しかし、非難の種は撒かれていた。廊下の端で、宮務卿の使者が立っているのが見えた。官庁に通報が上がる前に、現場を封鎖して状況を説明しろという命令が来るだろう。制度は、混乱の中で最も自分を守る。アイラがした「暫定的な読み替え」は、検証されれば否定される可能性が高かった。否定されれば救った命を再び危機に晒す。
「裏切り者がいるという気配がある」マリアが、声を落として言った。「偽造の匂いがする。毒じゃない、と判るのはいいけれど、わざとそう見せかけた者がいる」
「じゃあ——」シオンが手を上げるように空に掲げた。「誰かが犯行を仕組んだ。それを突き止めないと、私たちはいつまでも疑われ続ける」
アイラは倒れた杯に視線を戻した。杯の縁には、かすかな痕跡が残っている。誰かがわざと注いだのなら、きっと証拠があるはずだ。彼女は床に落ちた欠片を拾い上げ、爪の間でそれをこすった。小さな紙の切れ端が、欠片の裏に貼り付いていた。透けて見える文字は小さく、急速に書かれた筆跡。そこには、薄い黒のインクでこう書かれていた。
「実験用・検証外。常務局扱い」
その四字が、重く響いた。常務局──宮廷制度の中でも特に文書の運用と解釈を司る部署名。民間の仕業ではない。しかも「検証外」とは、規程の縁に違反していることを示す。誰かが、規則を悪用して演出を作り、運動を潰すために仕組んだのだ。
「これは……誰かが常務局のやり方を知っている者の仕業だ」アイラは声を潜めた。「外部の者だけじゃない。宮中にいる──誰かが、私たちを嵌めようとしている」
仲間たちの顔が一斉に硬くなる。信頼と裏切りの境が、そこまで近づいていた。使者の足音が近づく。外では帳面を取りに行く侍従の影が走る。時間がない。

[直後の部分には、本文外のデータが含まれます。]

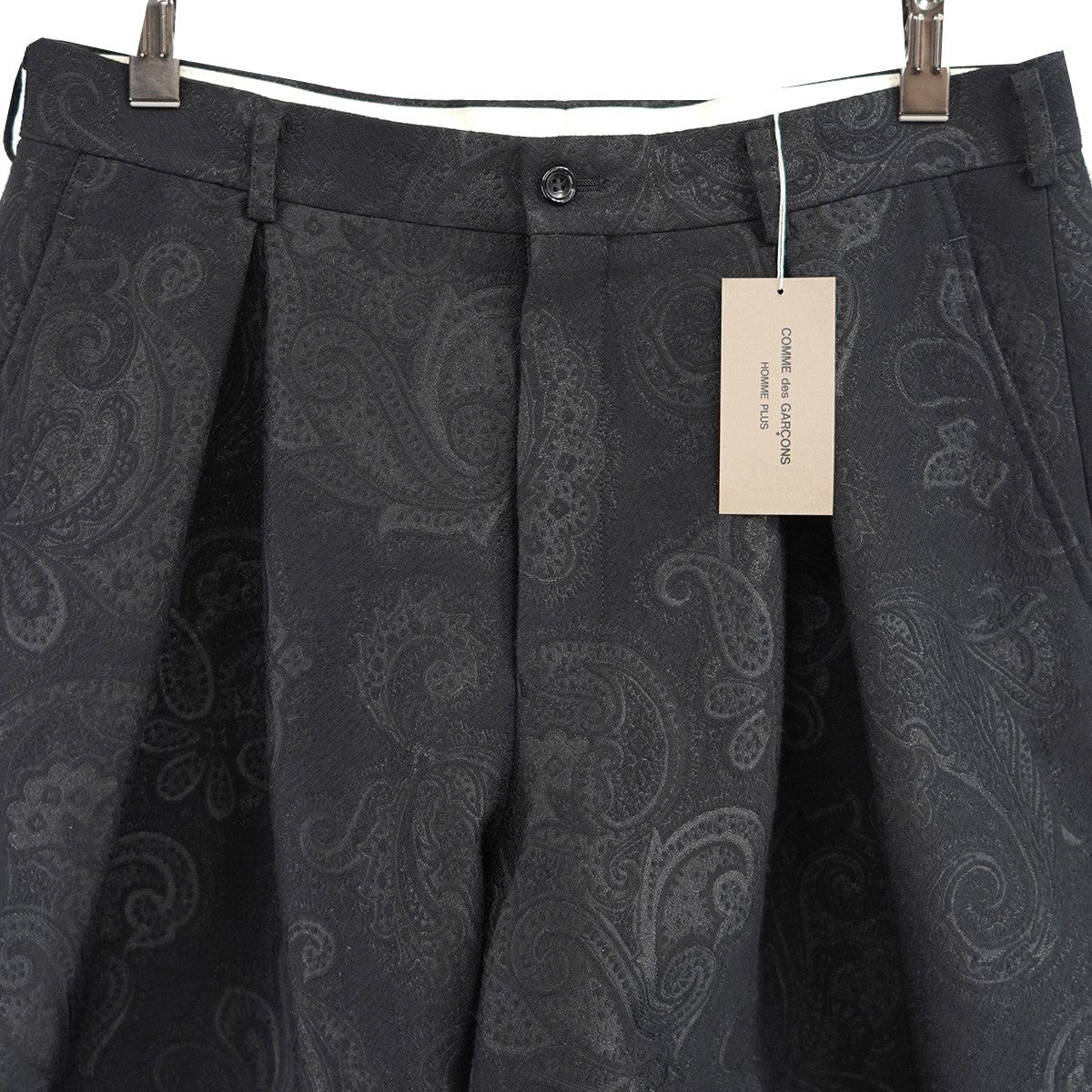 COMME des GARCONS HOMME PLUS(コムデギャルソンオムプリュス) 25SS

アイラは右手をぎゅっと握った。包帯の下で、割れた選択印の欠片が冷たく指の腹に触れる。彼女は自分が払った代償をまだ正当化できるかどうかを問う前に、次に動くべきことを知っていた。
「私は、この件を調べに行く」彼女は言った。言葉に地があった。「常務局の格納文書に、この『検証外』の痕跡があるか確かめる。表向きは公的な手続きを待つべきかもしれない。だが、誰かが宮中の文書を改竄できるなら、公表を待っているだけでは次の被害が出る。私が行く。夜に――閲覧室の鍵は、私ならいつでも借りられる」
「一人で行くのは危険だ」レナが弱々しく言う。目の端に涙が光っている。
「危険でも、やらないよりはましだ」アイラは小さく笑った。笑みは包帯と疲労に裏打ちされたものだ。「私には選択が一つ減った。だが、まだできることは残っている。仲間の前で一度失った信頼を取り戻すのは私の仕事だ――私が押しつけられた役を、私は守るために使う」
彼女は欠けた紙切れを袖に滑り込ませた。そこに書かれた「常務局」の文字が、胸の中で重く振動する。仲間たちの疑念、使者の足音、そして割れた印章。すべてが絡み合い、次の選択を迫ってくる。